(Scraped caption text data)
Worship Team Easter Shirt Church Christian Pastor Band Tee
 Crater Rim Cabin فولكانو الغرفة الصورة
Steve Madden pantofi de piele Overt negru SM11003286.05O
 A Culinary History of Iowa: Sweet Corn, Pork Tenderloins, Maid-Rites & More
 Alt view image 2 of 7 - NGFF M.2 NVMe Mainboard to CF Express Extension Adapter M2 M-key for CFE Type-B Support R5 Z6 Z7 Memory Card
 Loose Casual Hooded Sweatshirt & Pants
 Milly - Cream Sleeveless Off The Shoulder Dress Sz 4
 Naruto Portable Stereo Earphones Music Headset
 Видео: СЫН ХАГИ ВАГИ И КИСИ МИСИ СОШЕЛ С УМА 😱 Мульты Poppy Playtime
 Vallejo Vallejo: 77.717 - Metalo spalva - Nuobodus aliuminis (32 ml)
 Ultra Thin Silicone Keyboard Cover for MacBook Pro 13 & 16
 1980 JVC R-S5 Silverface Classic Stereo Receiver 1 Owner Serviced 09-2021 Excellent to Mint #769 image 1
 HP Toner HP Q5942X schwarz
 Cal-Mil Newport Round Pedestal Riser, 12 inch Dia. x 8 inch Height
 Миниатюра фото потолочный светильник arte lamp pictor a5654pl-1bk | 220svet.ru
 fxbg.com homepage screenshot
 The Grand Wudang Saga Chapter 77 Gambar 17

## [Brief]
Word for word, repeat every entry listed above.

## [Result below]
Worship Team Easter Shirt Church Christian Pastor Band Tee
 Crater Rim Cabin فولكانو الغرفة الصورة
Steve Madden pantofi de piele Overt negru SM11003286.05O
 A Culinary History of Iowa: Sweet Corn, Pork Tenderloins, Maid-Rites & More
 Alt view image 2 of 7 - NGFF M.2 NVMe Mainboard to CF Express Extension Adapter M2 M-key for CFE Type-B Support R5 Z6 Z7 Memory Card
 Loose Casual Hooded Sweatshirt & Pants
 Milly - Cream Sleeveless Off The Shoulder Dress Sz 4
 Naruto Portable Stereo Earphones Music Headset
 Видео: СЫН ХАГИ ВАГИ И КИСИ МИСИ СОШЕЛ С УМА 😱 Мульты Poppy Playtime
 Vallejo Vallejo: 77.717 - Metalo spalva - Nuobodus aliuminis (32 ml)
 Ultra Thin Silicone Keyboard Cover for MacBook Pro 13 & 16
 1980 JVC R-S5 Silverface Classic Stereo Receiver 1 Owner Serviced 09-2021 Excellent to Mint #769 image 1
 HP Toner HP Q5942X schwarz
 Cal-Mil Newport Round Pedestal Riser, 12 inch Dia. x 8 inch Height
 Миниатюра фото потолочный светильник arte lamp pictor a5654pl-1bk | 220svet.ru
 fxbg.com homepage screenshot
 The Grand Wudang Saga Chapter 77 Gambar 17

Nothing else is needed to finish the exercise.